L’article R.323-1 du Code de la sécurité sociale dispose : «Pour l’application du premier alinéa de l’article L. 323-1 :
1°) le point de départ de l’indemnité journalière définie par de l’article L. 321-1 est le quatrième jour de l’incapacité de travail. Ce délai ne s’applique, pour une période de trois ans, qu’au premier des arrêts de travail dus à une même affection donnant lieu à application de la procédure prévue à l’article L. 324-1 ;
2°) la durée maximale de la période pendant laquelle l’indemnité journalière peut être servie est fixée à trois ans ;
3°) la durée de la reprise du travail, mentionnée au 1° de l’article L. 323-1, au-delà de laquelle le délai de trois ans court à nouveau, est fixée à un an ;
4°) le nombre maximal d’indemnités journalières mentionné au 2° de l’article L. 323-1, que peut recevoir l’assuré pour une période quelconque de trois ans, est fixé à 360. »

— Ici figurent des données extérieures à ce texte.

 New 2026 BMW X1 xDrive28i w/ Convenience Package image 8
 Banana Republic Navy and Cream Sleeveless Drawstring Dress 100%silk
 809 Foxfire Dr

Préalablement à cette contrainte, le 15 juin 2024, la [5] a notifié à Monsieur [U] une mise en demeure du 10 juin 2024.
Monsieur [U] doit donc démontrer, soit que la somme versée par la [5] au titre des indemnités journalières lui était due, soit qu’il a déjà réglé l’indu en justifiant de ses versements.

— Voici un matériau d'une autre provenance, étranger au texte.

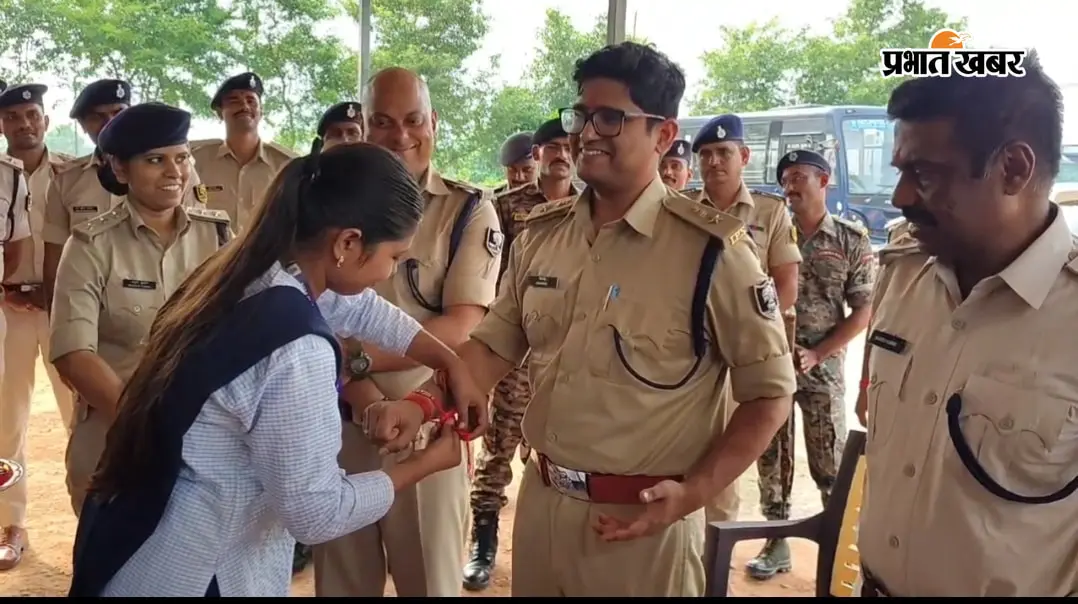 शेखपुरा में छात्राओं ने SP-ASP समेत पुलिसकर्मियों को बांधी राखी, बदले में मिला सुरक्षा का भरोसा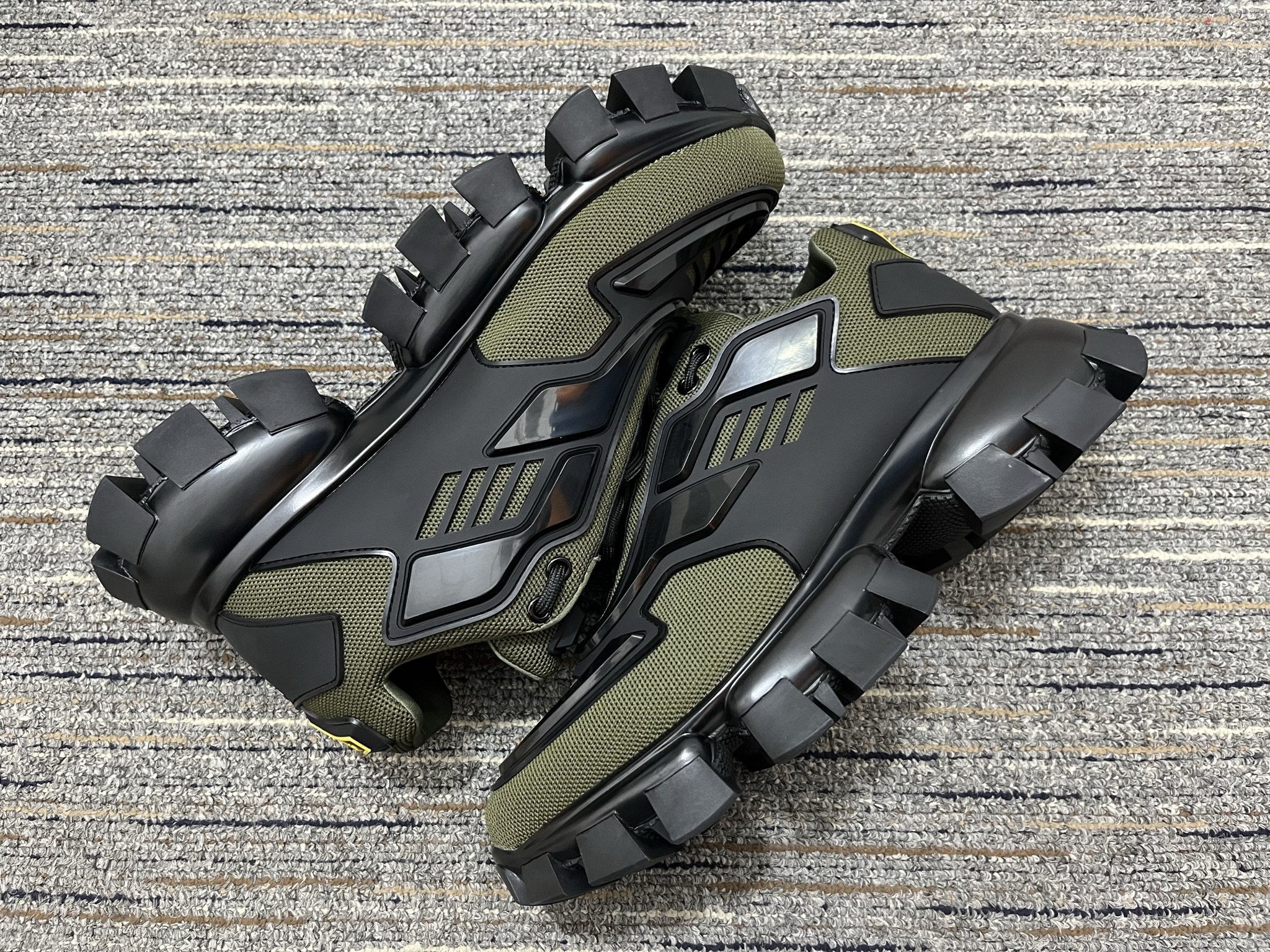 Men Women P*rada Top Sneaker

La [5] produit des décomptes de paiement des indemnités journalières maladie pour un montant de 233,36 € du 8 au 17 février 2022 (avec 3 jours de carence) et de 33,33 € le 18 février 2022, soit un montant global de 266,69 €.
Monsieur [U] produit son bulletin de paie du mois de février 2022 d’un montant de 1.266,42 € et soutient qu’il n’a pas fait l’objet d’un maintien de salaire de la part de son employeur. Il déclare qu’il lui manque environ 400 euros en comparaison avec ses salaires habituels.

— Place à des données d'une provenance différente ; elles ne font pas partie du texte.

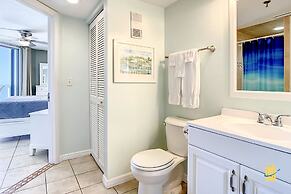 Beachfront Oceania Beach Club Complex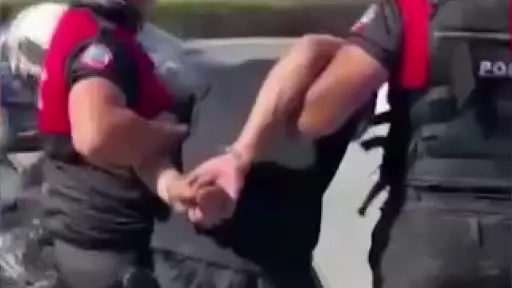 Aranan şahıs uyuşturucuyla yakalandı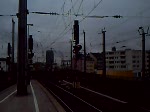 die bereits -Z- gestellte 115 224 (Kasten mit Lastschaltwerk) verlässt im Dezember 2007(fuhr bis ungefär Mai 2008 noch aus eigener kraft) mit einem Schadwagenzug den Kölner Hbf. aus Gleis 9.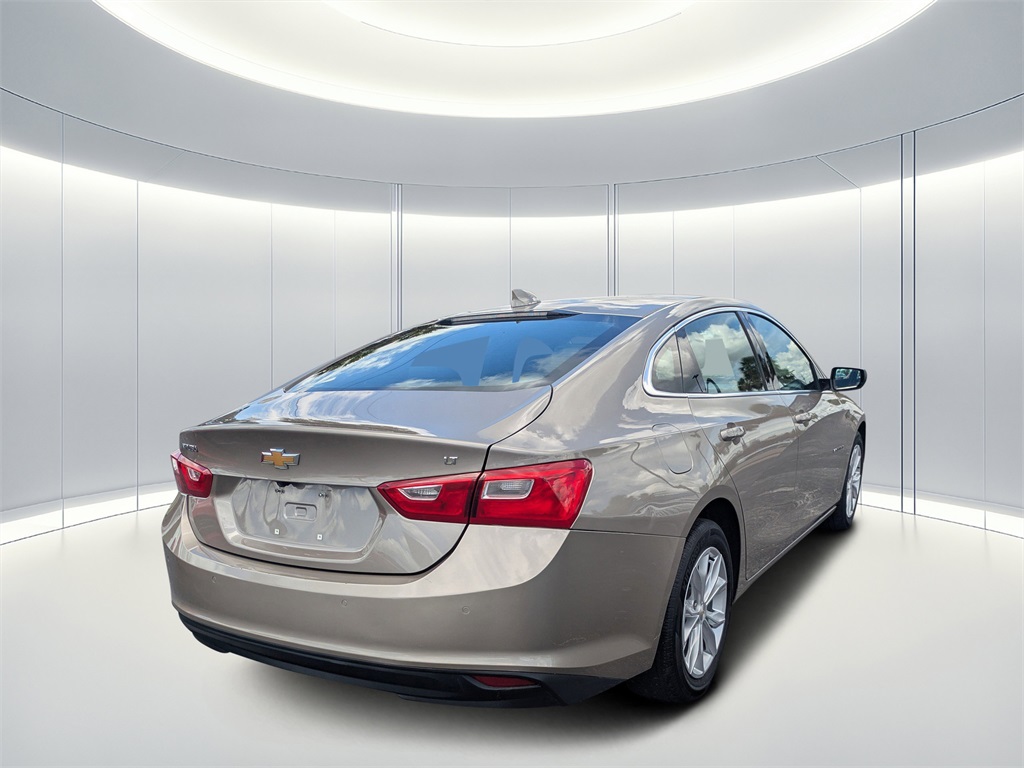 2024 Chevrolet Malibu 1LT photo 3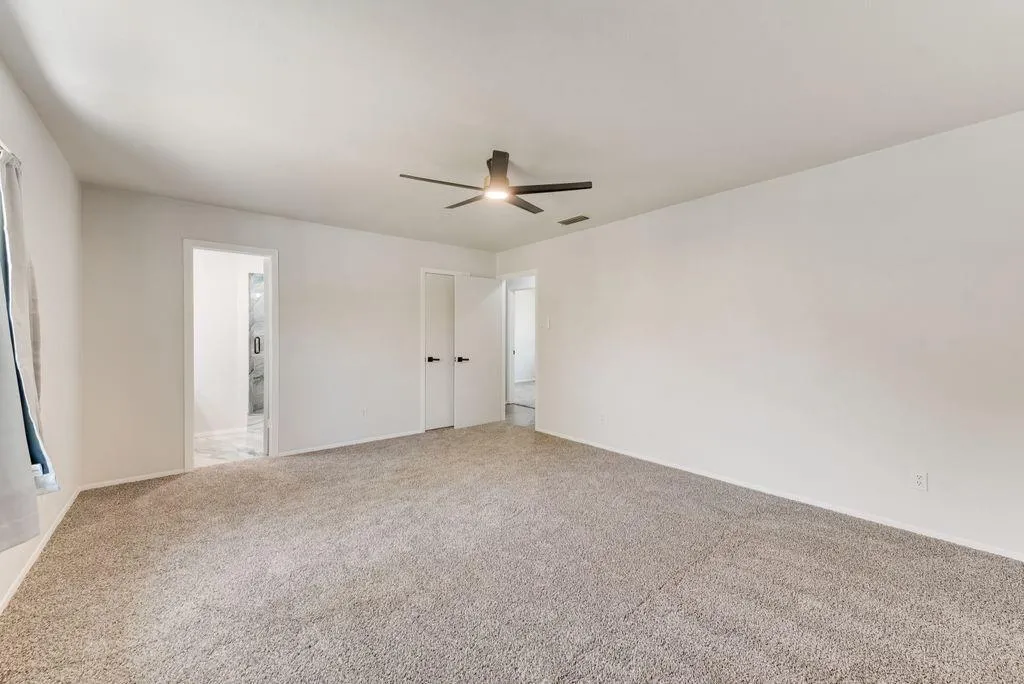 1656 Glenhill Lane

La [5] produit les déclarations de salaires de Monsieur [U] qui déclare avoir touché 1.428 € en janvier 2022, 1.450 € en mars 2022 et 1.454 € en avril 2022. Elle précise qu’en matière d’arrêt [4], le salaire est maintenu quelle que soit l’ancienneté du salarié concerné. Monsieur [U] a donc pu bénéficier d’un maintien de salaire pour son arrêt [4] du 11 au 18 février 2022 malgré son ancienneté inférieure à un an au moment de son arrêt (il avait été embauché en septembre 2021).
Au vu de ces éléments, Monsieur [U] ne démontre pas que son employeur ne lui a pas maintenu son salaire sur le mois de février 2022, de sorte qu’il y a lieu de considérer que les indemnités journalières versées par la [5] ne lui étaient pas dues.
En conséquence, il convient de valider la contrainte du 26 août 2024 pour son montant de 266,69 € et de condamner Monsieur [U] au paiement de cette somme.
Monsieur [U] qui succombe sera condamné aux dépens de l’instance.
PAR CES MOTIFS :
Le Tribunal statuant publiquement par jugement contradictoire, et en dernier ressort,
DÉCLARE recevable mais non fondée l’opposition de Monsieur [R] [U] à la contrainte du 26 août 2024 ;
VALIDE la contrainte émise le 26 août 2024 par la [6] à l’encontre de Monsieur [R] [U] pour un montant 266,69 € se rapportant aux indemnités journalières pour arrêt maladie perçues à tort du 11 au 18 février 2022 ;
CONDAMNE Monsieur [R] [U] à payer à la [6] une somme de 266,69 € sans préjudice des frais de procédure qui se rattachent à la contrainte et des majorations de retard supplémentaires qui continuent de courir jusqu’à complet paiement du principal ;
DÉBOUTE les parties du surplus de leurs prétentions ;
CONDAMNE Monsieur [R] [U] aux entiers dépens.
ET DIT que conformément aux dispositions des articles 605 et 612 du code de procédure civile, la présente décision peut être attaquée devant la COUR de CASSATION par ministère d’un avocat au Conseil d’Etat et à la Cour de Cassation, dans le délai de DEUX MOIS à compter du jour de notification de la présente décision.
Ainsi fait et jugé au Tribunal judiciaire de TOURS, le 28 Juillet 2025.